“In Search of Employment”: Age, Gender, and Conceptualizations of a “Laborer” in Haiti and the US after Emancipation

Friday, January 6, 2023: 10:30 AM
Liberty Ballroom C (Philadelphia Marriott Downtown)
Bianca Dang, University of Washington, Seattle
This paper examines how elites in Haiti and the United States used normative discourses around work and education to naturalize the perpetual marginalization of young emancipated individuals as “laborers” years after the end of slavery. The “post-emancipation period” in Haiti and the U.S. South began at markedly different times, 1804 and 1862-5. In Haiti, slavery ended even before the nation’s founding, and in the U.S. South, wartime emancipation emerged nearly six decades later during a moment of national fracture. Despite these differences, this paper highlights the overlap between elite U.S. and Haitian elites’ narratives about “the ideal laborer” in both places after emancipation. Specifically, this paper examines how ideas about “laborers” focused on the regulation of certain youths, especially young girls, even as this impulse proved to be in tension with the increasingly dominant notions of childhood and gender emerging in both countries.
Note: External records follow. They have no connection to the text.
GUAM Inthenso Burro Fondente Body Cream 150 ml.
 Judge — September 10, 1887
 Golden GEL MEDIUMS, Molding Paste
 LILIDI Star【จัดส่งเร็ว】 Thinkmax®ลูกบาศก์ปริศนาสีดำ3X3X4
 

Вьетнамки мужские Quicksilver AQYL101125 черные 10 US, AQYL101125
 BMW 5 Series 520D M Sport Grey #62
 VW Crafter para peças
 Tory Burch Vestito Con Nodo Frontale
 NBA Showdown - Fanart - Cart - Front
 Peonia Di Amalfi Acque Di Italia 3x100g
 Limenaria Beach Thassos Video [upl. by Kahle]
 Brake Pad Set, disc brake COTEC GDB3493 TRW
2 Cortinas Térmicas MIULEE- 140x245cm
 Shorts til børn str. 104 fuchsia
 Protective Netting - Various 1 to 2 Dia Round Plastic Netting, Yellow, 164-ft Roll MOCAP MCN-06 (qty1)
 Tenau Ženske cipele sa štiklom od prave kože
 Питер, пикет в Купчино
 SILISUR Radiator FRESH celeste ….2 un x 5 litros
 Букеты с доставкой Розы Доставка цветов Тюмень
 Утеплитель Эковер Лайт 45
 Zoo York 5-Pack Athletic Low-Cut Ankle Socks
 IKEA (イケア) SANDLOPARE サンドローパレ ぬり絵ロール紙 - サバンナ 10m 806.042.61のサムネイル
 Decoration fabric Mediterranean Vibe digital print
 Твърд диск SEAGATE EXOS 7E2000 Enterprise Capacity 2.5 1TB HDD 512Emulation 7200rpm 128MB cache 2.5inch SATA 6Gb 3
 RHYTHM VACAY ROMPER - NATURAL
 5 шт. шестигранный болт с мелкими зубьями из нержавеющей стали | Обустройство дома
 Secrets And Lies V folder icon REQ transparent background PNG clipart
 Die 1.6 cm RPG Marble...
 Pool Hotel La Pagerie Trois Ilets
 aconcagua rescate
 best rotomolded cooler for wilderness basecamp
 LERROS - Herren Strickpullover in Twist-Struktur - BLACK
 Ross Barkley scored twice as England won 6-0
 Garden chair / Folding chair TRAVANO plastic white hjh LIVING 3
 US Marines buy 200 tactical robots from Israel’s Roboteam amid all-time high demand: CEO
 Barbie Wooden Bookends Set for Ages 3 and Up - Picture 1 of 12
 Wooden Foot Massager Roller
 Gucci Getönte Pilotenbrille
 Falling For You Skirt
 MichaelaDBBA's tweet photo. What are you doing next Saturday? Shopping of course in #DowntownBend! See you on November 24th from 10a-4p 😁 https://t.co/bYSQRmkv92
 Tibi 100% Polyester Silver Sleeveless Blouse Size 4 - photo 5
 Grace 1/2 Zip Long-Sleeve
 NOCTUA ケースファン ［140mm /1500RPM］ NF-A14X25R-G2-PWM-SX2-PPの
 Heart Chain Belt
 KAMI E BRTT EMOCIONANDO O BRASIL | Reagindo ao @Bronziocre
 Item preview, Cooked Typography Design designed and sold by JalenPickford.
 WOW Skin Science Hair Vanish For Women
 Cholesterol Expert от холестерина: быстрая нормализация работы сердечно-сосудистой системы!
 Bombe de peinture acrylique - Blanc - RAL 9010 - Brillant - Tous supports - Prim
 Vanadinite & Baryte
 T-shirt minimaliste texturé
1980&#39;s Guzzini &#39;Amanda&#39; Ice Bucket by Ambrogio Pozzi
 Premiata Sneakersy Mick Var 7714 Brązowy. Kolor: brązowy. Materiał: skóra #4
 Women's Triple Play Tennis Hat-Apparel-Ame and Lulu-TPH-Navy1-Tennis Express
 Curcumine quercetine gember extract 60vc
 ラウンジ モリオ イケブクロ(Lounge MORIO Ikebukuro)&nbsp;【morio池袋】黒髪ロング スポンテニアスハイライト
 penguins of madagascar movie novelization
In Haiti and the United States, powerful interests propagated labor discourses that attempted to frame societal hierarchies as innate, naturalizing the subordination. This paper will look at two archival moments in detail – the crafting of Haiti’s Code Rural under President Jean-Pierre Boyer in 1825 and the actions of organizations during the end of the American Civil War which arranged the migration of recently emancipated children to work in Northern homes – analyzing their language about gender, age, and labor. By looking at both Haiti and the U.S. over different periods, this paper will explore how elites throughout the post-emancipation Americas attempted to reconcile “free labor” ideologies, or other related doctrines of freedom, with the continuation of pre-abolition social hierarchies.